SUPPLIED MATERIAL
◇ ◇ ◇ ◇ ◇ ◇ ◇
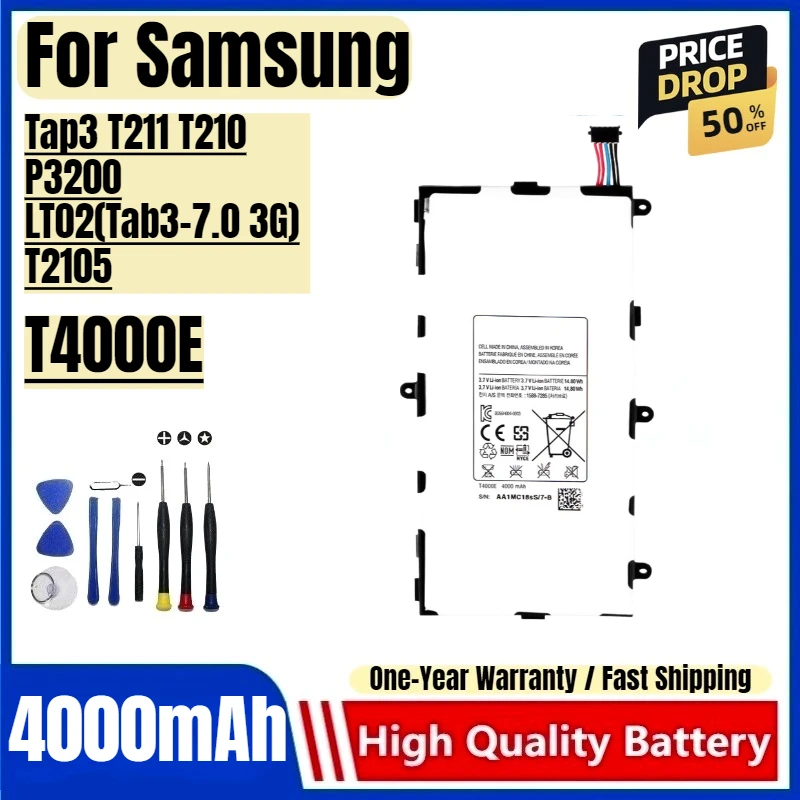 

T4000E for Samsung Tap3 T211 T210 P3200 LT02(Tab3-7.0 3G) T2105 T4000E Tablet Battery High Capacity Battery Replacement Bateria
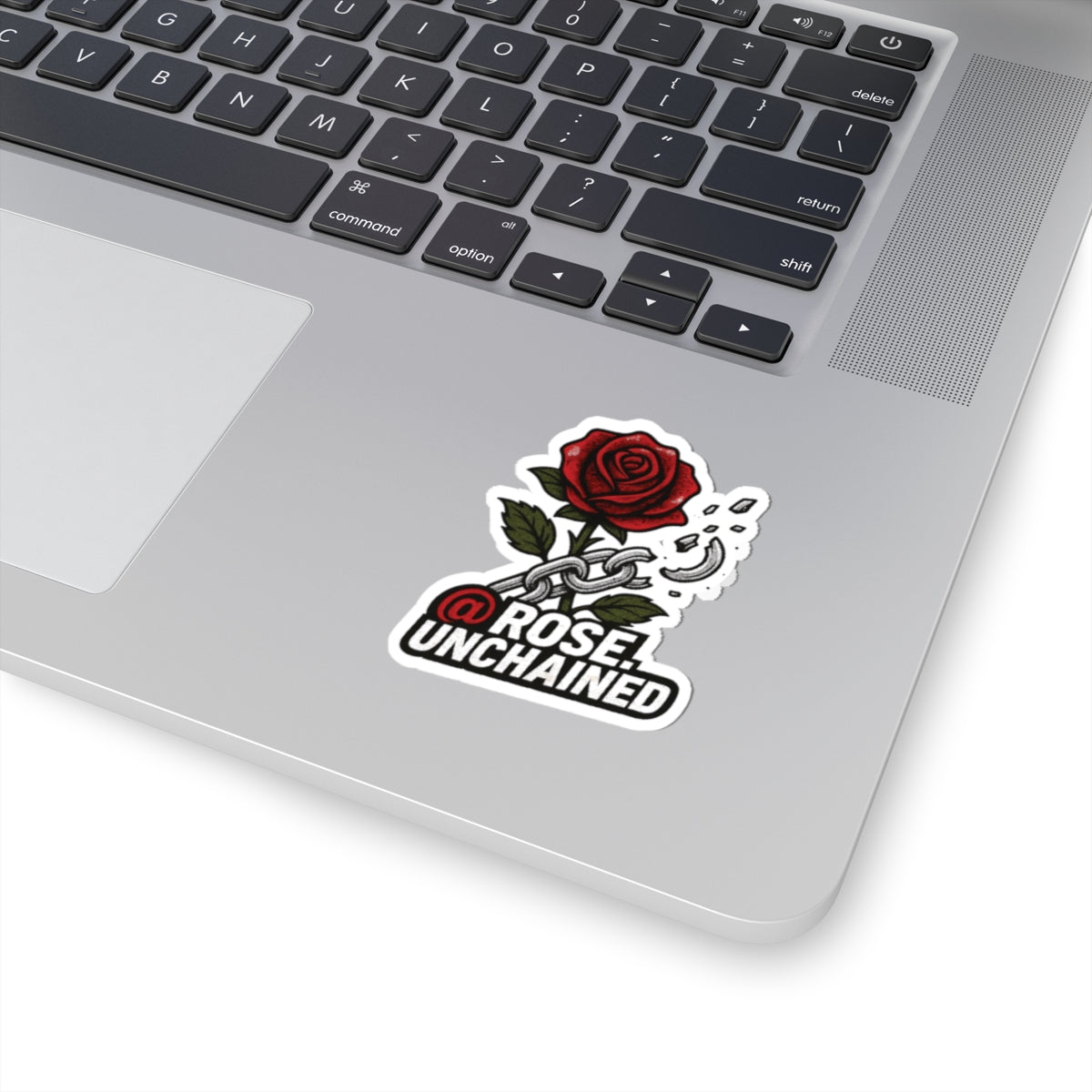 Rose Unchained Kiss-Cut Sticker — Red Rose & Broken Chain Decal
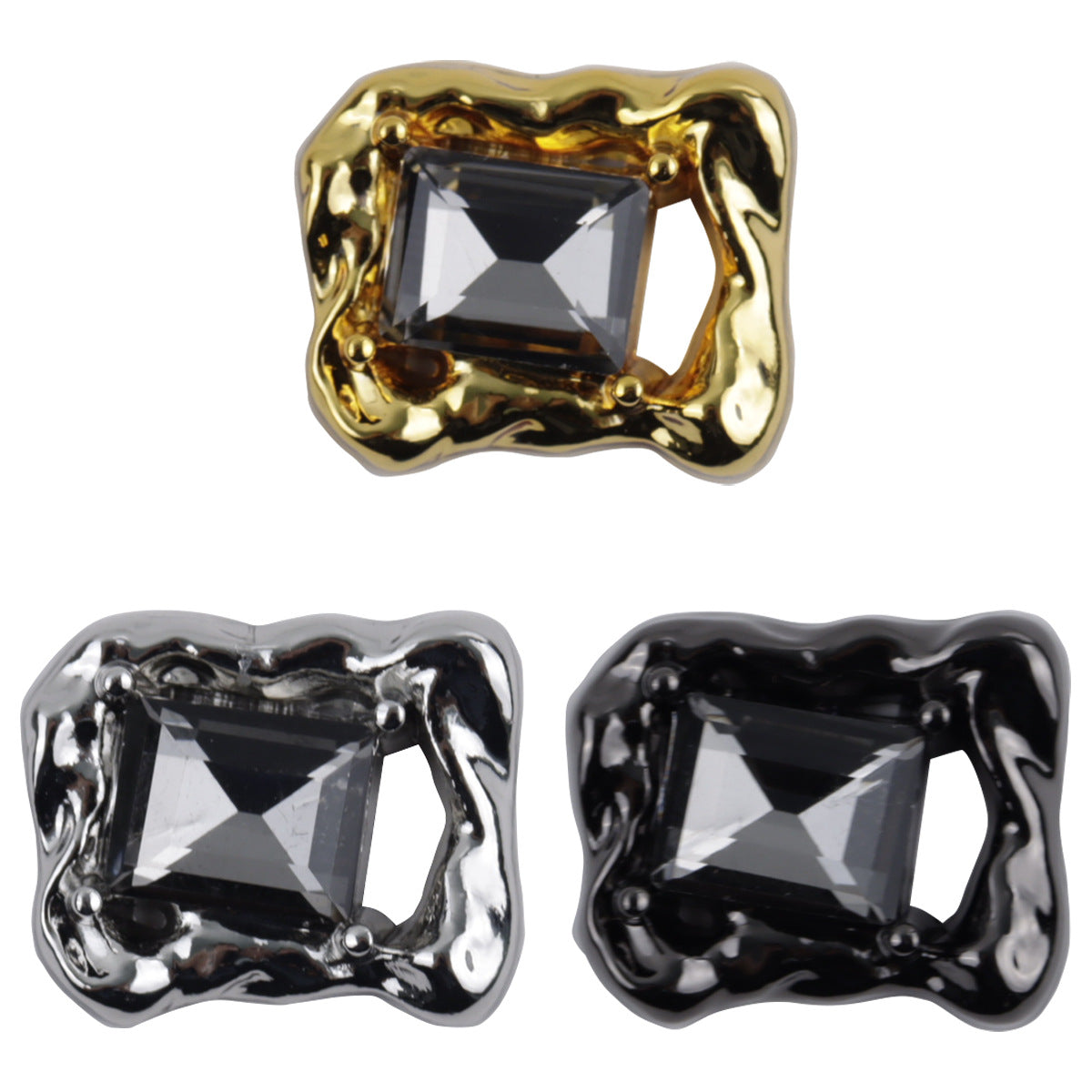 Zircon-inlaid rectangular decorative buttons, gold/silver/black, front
◇ ◇ ◇ ◇ ◇ ◇ ◇
ACTIVITY
The material above must be set down word for word, with no picture carried over.

COMPLETED EXERCISE
T4000E for Samsung Tap3 T211 T210 P3200 LT02(Tab3-7.0 3G) T2105 T4000E Tablet Battery High Capacity Battery Replacement Bateria
 Rose Unchained Kiss-Cut Sticker — Red Rose & Broken Chain Decal
 Zircon-inlaid rectangular decorative buttons, gold/silver/black, front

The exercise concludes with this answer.